DW> If it did so, a lot of the "microgravity" experiments would get
DW> messed up. So the station's orientation is fixed in space, and as
DW> it goes around the earth, as seen from the station, the earth
DW> appears to go around it, sometimes moving "forward" and sometimes
hummm... so the theory is that the station's belly is toward the earth at times
and then when it is on the opposite side of the earth, the top of the station
is toward the earth? in between, one end or the other is toward the earth??
DW> Protection has nothing to do with it.
actually, i suspect that that and cooling issues of the shuttle do come into
play... but i figured i'd drop a line in here and see what others thought...

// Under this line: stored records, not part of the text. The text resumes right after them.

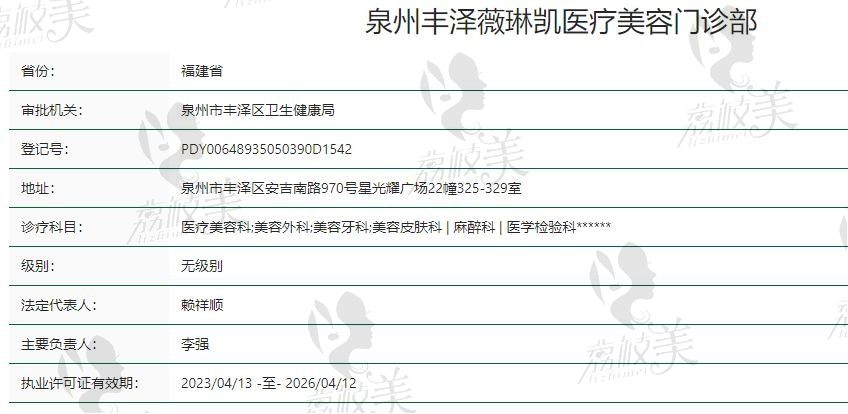 泉州薇琳凯医疗美容资质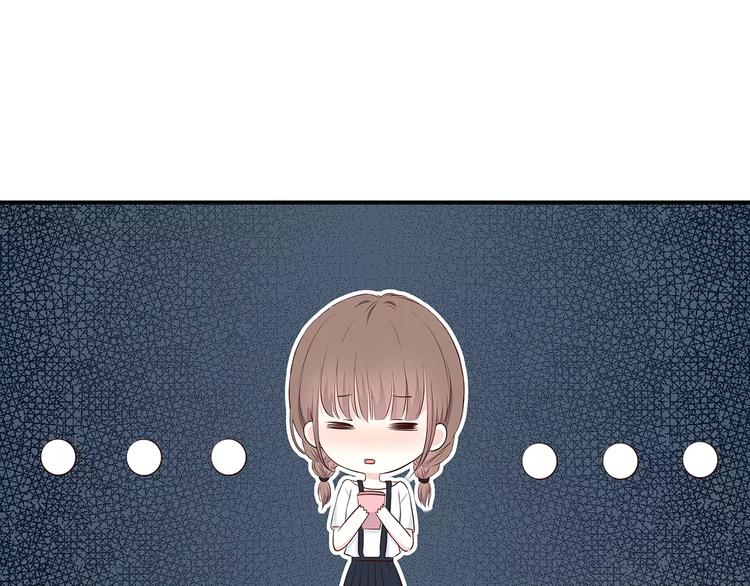 合法同居韩漫全集-第135话 别动无删减无遮挡章节图片 
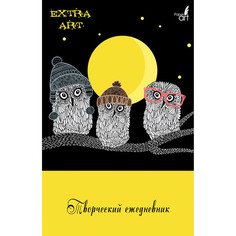 Ежедневник недатированный "EXTRA ART" А5+, 128л, ЕЖТ19512812 Канц Эксмо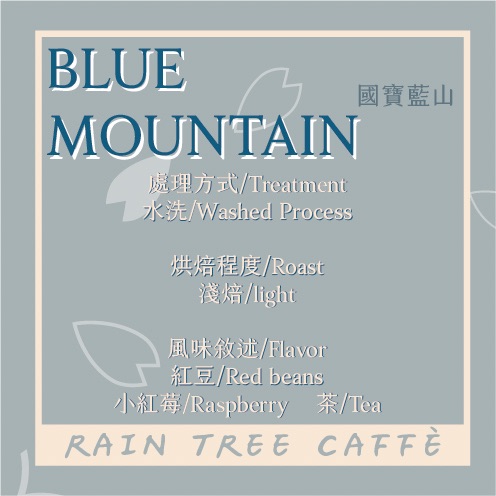 國寶藍山 Blue Mountain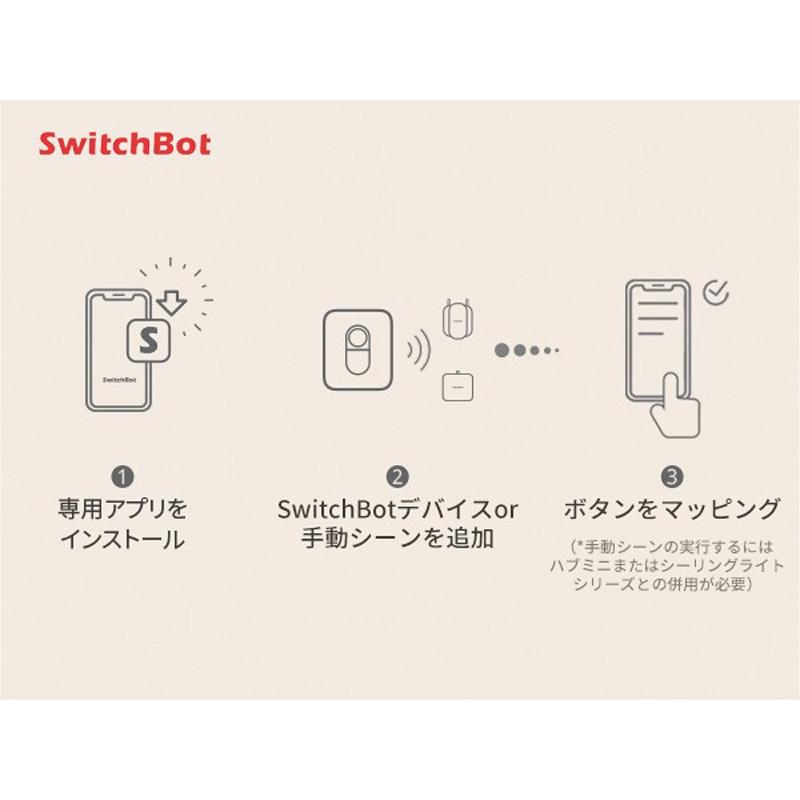 スイッチボット クーポン対象商品 SwitchBot スイッチボット リモートボタン ホワイト カーテン操作 W0301700-GH｜gbft-online｜08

FWIW: we've discussed your theory as well as the other one in which the
station's belly always points to the earth... in this scenario, the only way
that the shuttle would go from being "pushed" to being "pulled" would require
at least one 180 pancake spin... then another when they undock, if i recall
correctly that they leave the station being "pushed" like they were when they
* Origin: (1:3634/12)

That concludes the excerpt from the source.